Read it again. If nothing else, it is a book about perceptions on and explanations of REALITY. The characters aren’t scary. They are purposefully absurd and designed to illustrate poignant truths. I’ll bet if you read this book, then switch on the news, a light will go on in your head.
@HP The reality isn’t very fun at this point either, and can be pretty scary.
The scary was my POV as a little girl; although, I don’t like talking animals or distorted images of people very much even now. Alice in Wonderland always had the illustrations or I saw it as a movie, so I was watching or seeing pictures not just in my own mind.
I also don’t like looking at videos of people who use those apps that make them look like animals. The exception is Halloween I sometimes draw a cat face with make-up and put on ears, and I’m ok with Mickey ears at Disney, but I’ve never owned a pair.
Holy shit! That would have been a catastrophe for me. I would have been afraid to be left alone in a room with a book. But did you see the Disney cartoon version of Alice when you were a kid? Think back and see if scenes from that film serve as allegories on current affairs.
I got the impression everyone was stoned out of their minds!
YES. They’re all crazier than shit, and they are all preposterously exaggerated so we cannot miss the point that they are crazier than shit. They live in a place where crazier than shit is the norm. Now think for a moment on just who among us are hell bent on convincing you and I that crazier than shit is NORMAL. When someone tells you Trump is fit for office, believe me they either never read or have forgotten this book.
It was a good book. So much better when I did acid and read it. ~
I LOVED IT! And sort of lived it.
I discovered Alice in my grandmothers book room the summer I was 12. Everything about it fascinated me, the story, the language, characters, the drawings. I couldn’t put it down or stop thinking of what could mean.
I still reread it. It’s one of three or four books I could say changed my life.
I remember my mother gave me a copy of “Alice in Wonderland” to read and I got stuck on the first page as I couldn’t understand how a book could have conversations in it. Somehow, I couldn’t understand how words which were spoken could appear in the text on a page and in frustration I gave up.
I read it eventually and enjoyed it and for a time it was one of my favourite books. I used to own a compendium that included most of Lewis Carroll’s writings, but “Alice in Wonderland” has always been my favourite.

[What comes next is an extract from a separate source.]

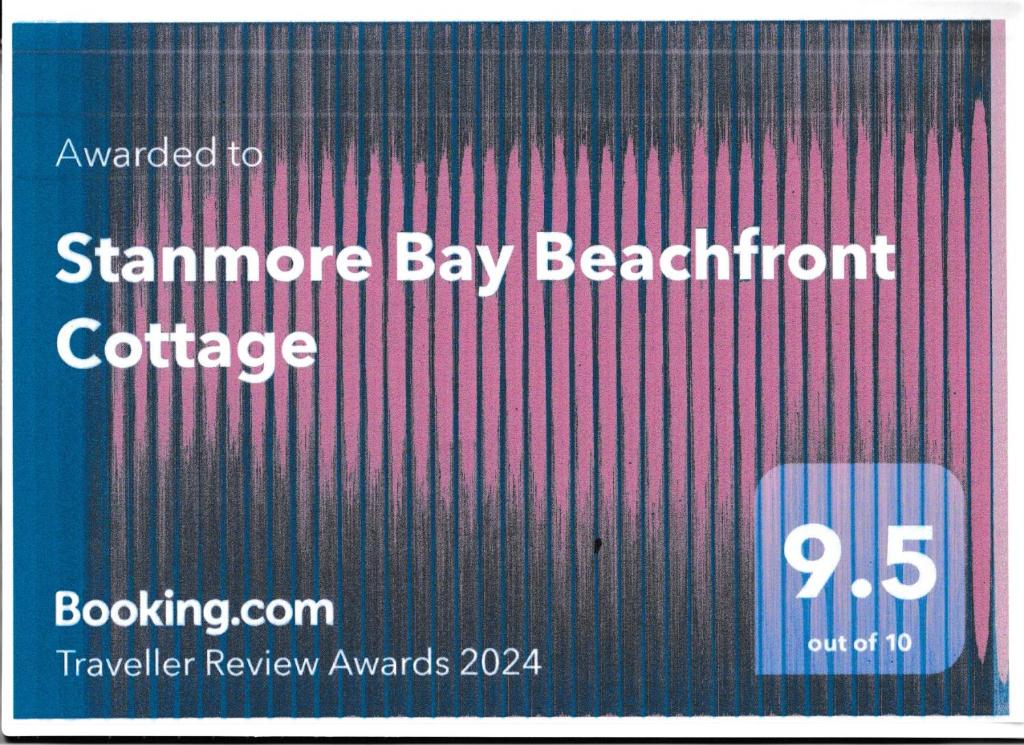 Certifikát, hodnocení, plakát nebo jiný dokument vystavený v ubytování Stanmore Bay Beach House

Everything in Alice’s dream is monstrous and insane but Alice is always calm and reasonable. She is the voice of good sense that comes from within ourselves and not from the external world.
Very different read, before and after learning about Lewis Carroll.
I remember enjoying it so much I missed my station on BART.
It was fine. I’ve read better books.
This is one of those stories where the idea of it is much better than the story itself. I’m actually pretty fascinated by the idea of a Wonderland with all the quirks and characters in it. But the story just doesn’t do it for me.
I guess the book was supposed to be some kind of social satire with references only people of that time can catch? But if I have to do extensive research just to enjoy the book then the book fails me.
I’m more interested in the modern fictions that spawn out of the book than the book itself.
The Disney cartoon version was re-released in theaters when I was around 10. Of course it was necessarily a rather abridged rendition of the book, but there are scenes from that film I still vividly recall.